I think it is great you are getting Abblynn to lose weight. I do see a difference in a week. Just curious which Fromm Gold you are feeding? I tried the regular Classics formula until I looked at the carbs which was 50% I believe. It was makinh my Lab blimp out even with only two cups of food. I switched to their grain free formulas and she now eats 2.5 cups. I feel her ribs and she has a very nice tuck up. Just want to make sure your aware of the carb amount. . Happy weight loss vibes!

Sent from Petguide.com Free App


----------



## cookieface (Jul 6, 2011)

Abbylynn and Nola look great! Now, when you finish with them, can you monitor _my_ food for a few weeks.


----------



## Beagles (Jun 4, 2013)

cookieface said:


> Abbylynn and Nola look great! Now, when you finish with them, can you monitor _my_ food for a few weeks.


Agreed! For me too!
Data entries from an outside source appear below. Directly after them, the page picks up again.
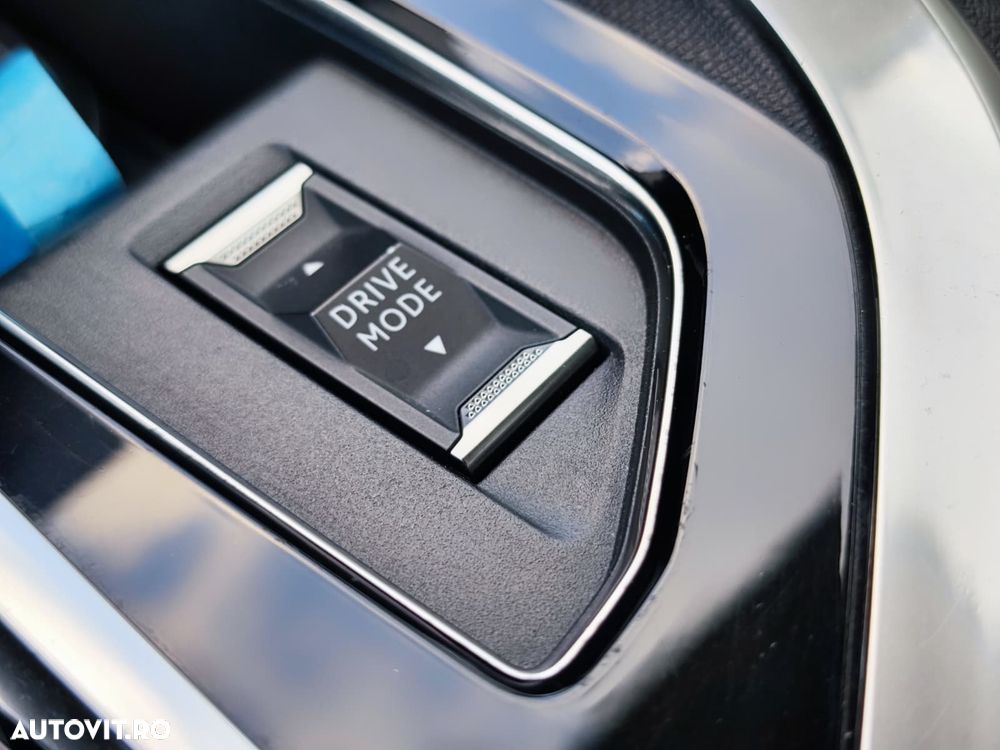 Peugeot 3008 1.2 PureTech 130 EAT8 Active Pack - 25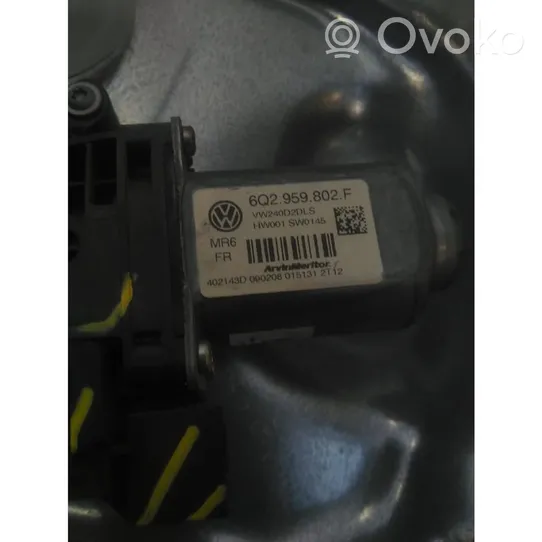 Volkswagen Polo IV 9N3 Elektryczny podnośnik szyby drzwi przednich 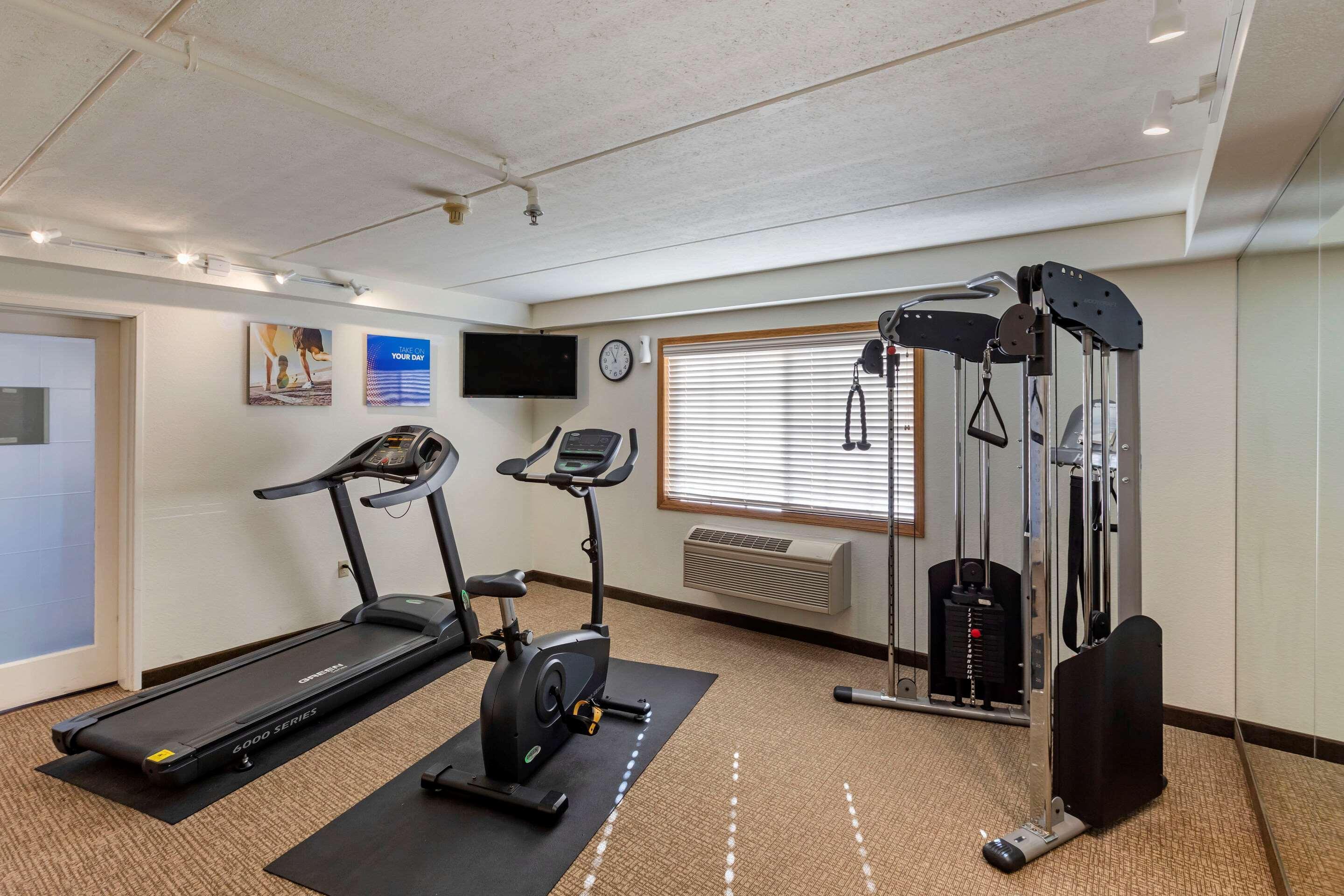 Comfort Inn & Suites Jackson - West Bend Dış mekan fotoğraf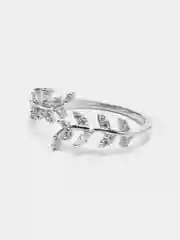 Серебряный кольцо женское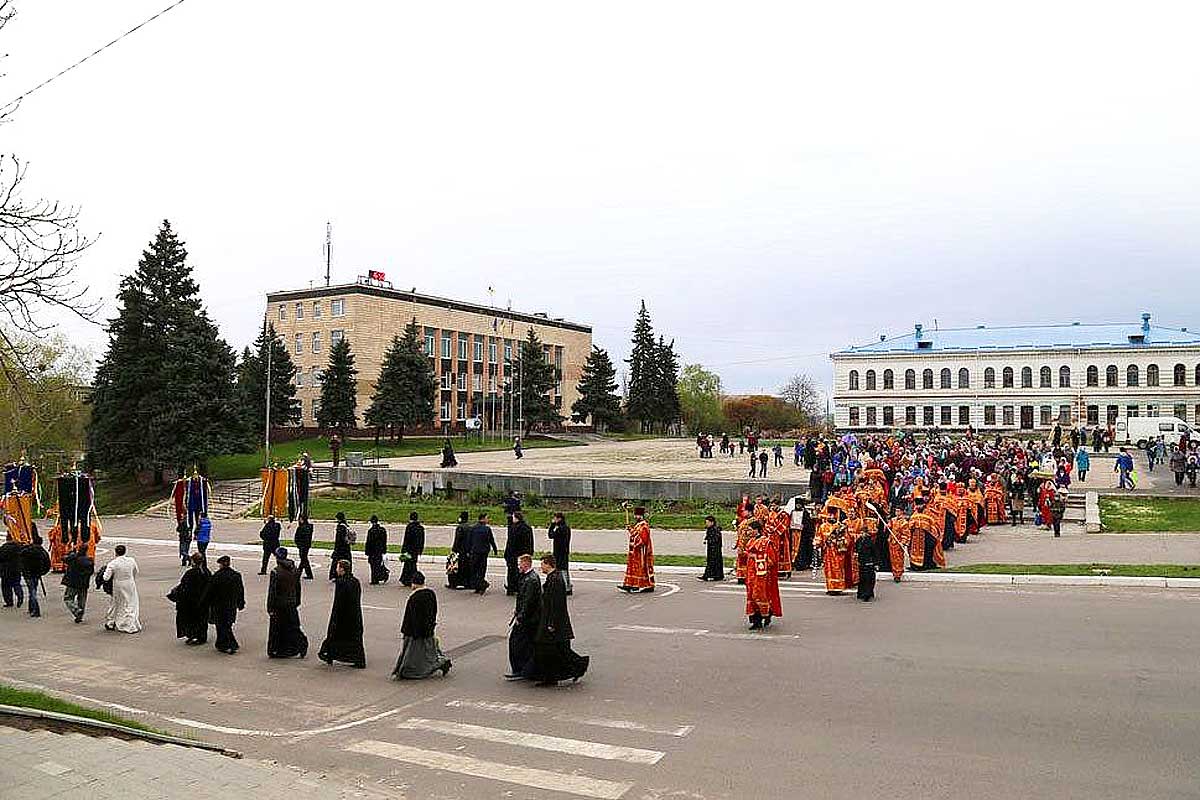 Под Харьковом провели крестный ход (фото)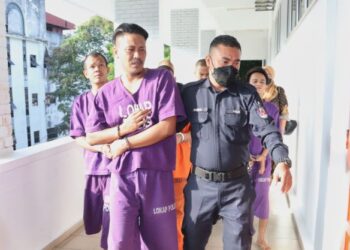 ZAINORDIN Mohamed (kiri) dibawa ke Mahkamah Sesyen Kuala Kangsar hari ini bagi menghadapi tiga pertuduhan termasuk khianat. - UTUSAN/MUHAMAD NAZREEN SYAH MUSTHAFA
I just started doing yoga a few days ago...but I'm not showing you guys pics of my chubby belly...


----------



## Jacksons Mom (Mar 12, 2010)

Abbylynn looks great already!

I can't get over Nola, she is SO cute, and I'm totally not a "dachshund person" but I think I'm in love with her. <3


----------



## Abbylynn (Jul 7, 2011)

dogloverforlife said:


> I think it is great you are getting Abblynn to lose weight. I do see a difference in a week. Just curious which Fromm Gold you are feeding? I tried the regular Classics formula until I looked at the carbs which was 50% I believe. It was makinh my Lab blimp out even with only two cups of food. I switched to their grain free formulas and she now eats 2.5 cups. I feel her ribs and she has a very nice tuck up. Just want to make sure your aware of the carb amount. . Happy weight loss vibes!
> 
> Sent from Petguide.com Free App


Thanks guys! 

I am feeding Fromm Gold Holisitc Dry Dog Food ..... You can see the specs on it here .....
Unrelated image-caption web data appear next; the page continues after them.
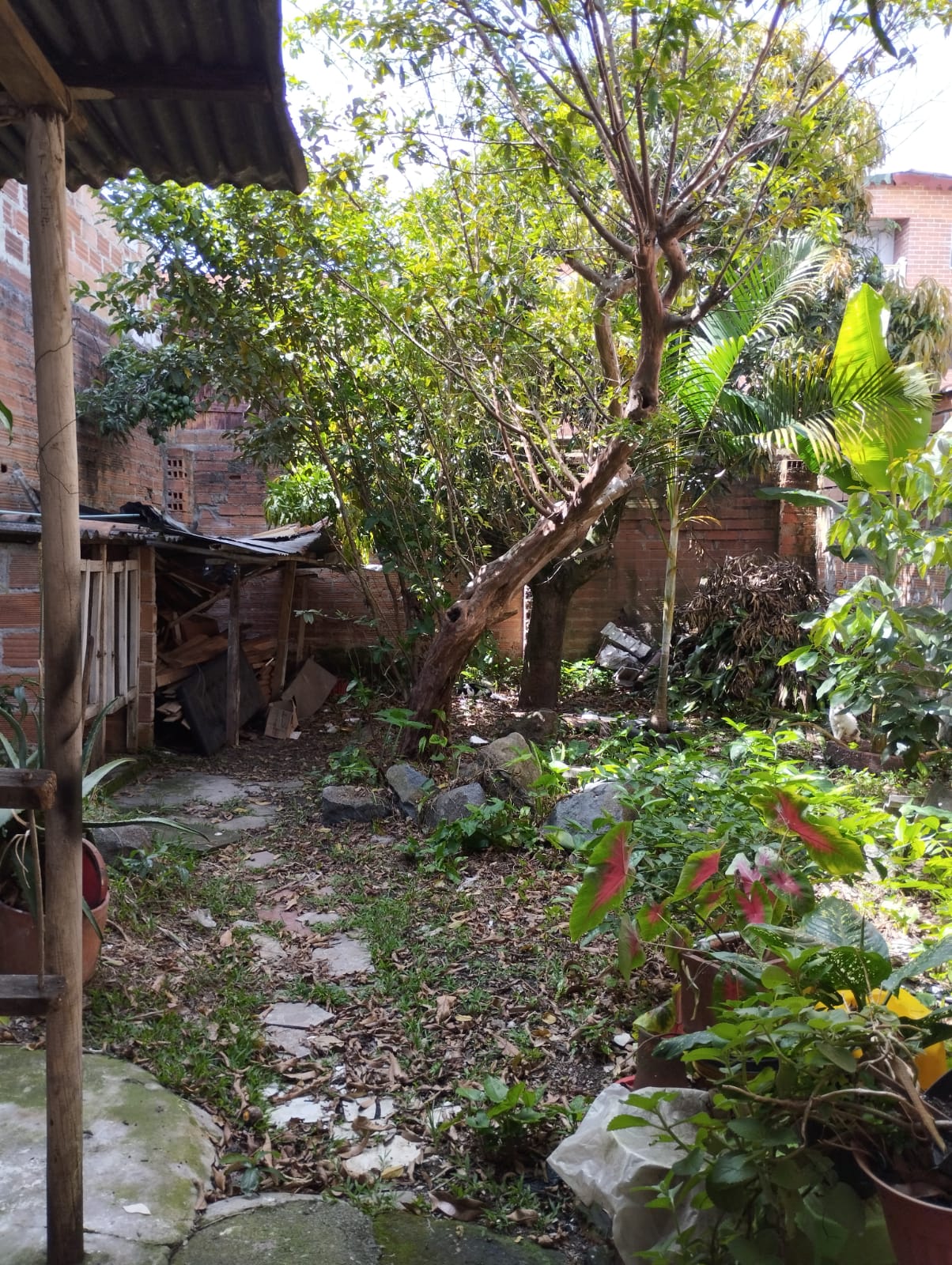 Se Vende Edificio De Tres Niveles En Castilla, Medellín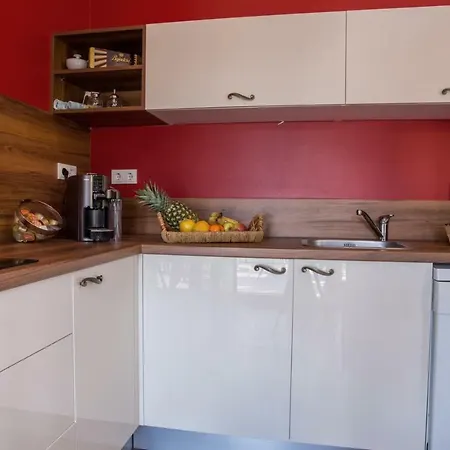 Apartment Tip Deluxe Podstrana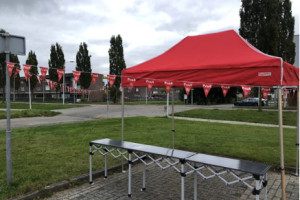 Rode tent PvdA op Overtoom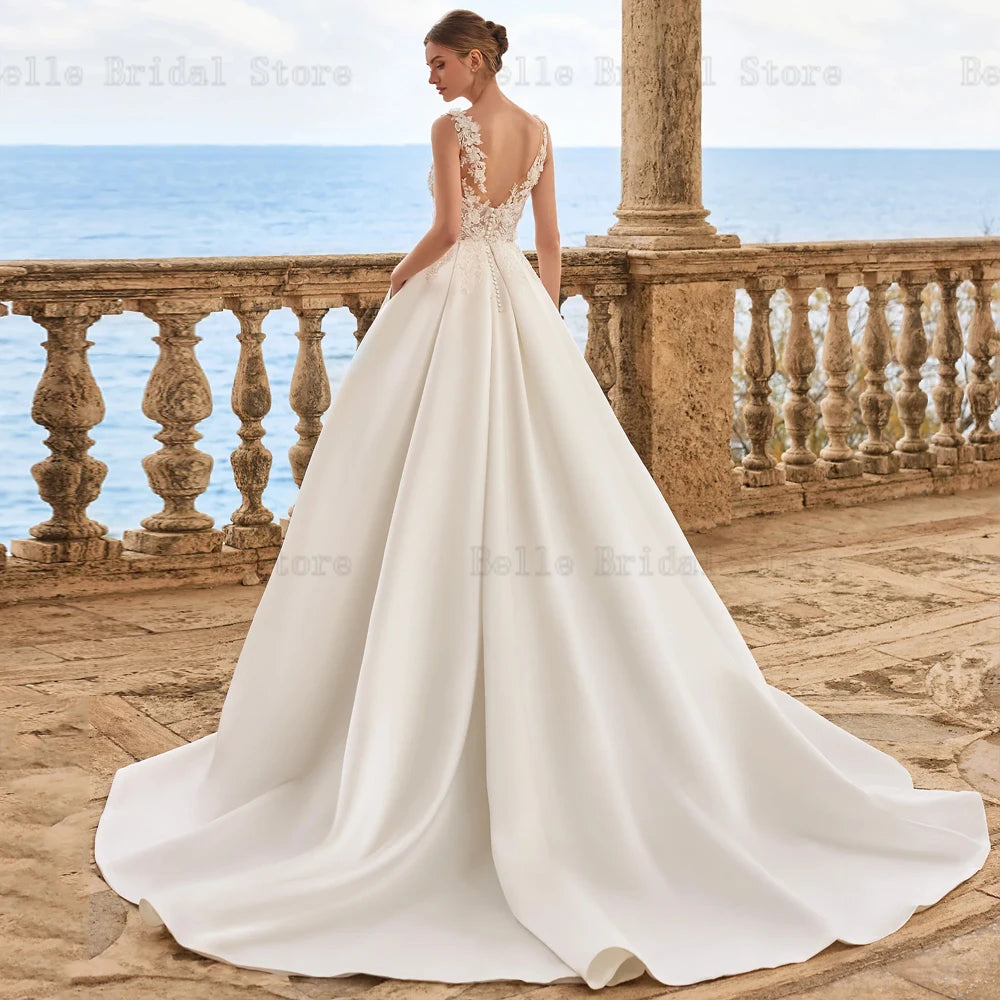 Klassische Satin Brautkleider O-Ausschnitt Ärmellose Brautkleider Illusion Appliques Bodenlangen A-Linie Vestidos De Novia 2024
http://www.pet360.com/product/7765/fromm-gold-holistic-adult-dry-dog-food

It seems to be working ... along with exercise, green beans, carrots, and broccoli as fillers and treats.  I am also only feeding 1/2/3 cups per day along with the Cosequin DS plus MSM and fish oil and vitamin E.

EDIT: In fact I believe Eddee and Leah Lu are getting back to where they should be also.


----------



## Milo's mom (Oct 25, 2009)

Even though I'm really into feeding organic raw to my dogs I had good results with Wellness Super5Mix Healthy Weight Recipe Dog Food in the past when Mokie had to loose some pounds to help him with his hip dysplasia. I'm embarrassed to say that I noticed that my dogs gained weight whenever I did - even I was sure I was feeding them the same. I must have added a little to their bowl without even knowing it. So for a while I ordered portion packs of Wellness Healthy Weight from Smartpak Canine. That way I couldn't cheat no matter what...It worked! And the portion packs keep the food really fresh.


----------



## Abbylynn (Jul 7, 2011)

Milo's mom said:


> Even though I'm really into feeding organic raw to my dogs I had good results with Wellness Super5Mix Healthy Weight Recipe Dog Food in the past when Mokie had to loose some pounds to help him with his hip dysplasia. I'm embarrassed to say that I noticed that my dogs gained weight whenever I did - even I was sure I was feeding them the same. I must have added a little to their bowl without even knowing it. So for a while I ordered portion packs of Wellness Healthy Weight from Smartpak Canine. That way I couldn't cheat no matter what...It worked! And the portion packs keep the food really fresh.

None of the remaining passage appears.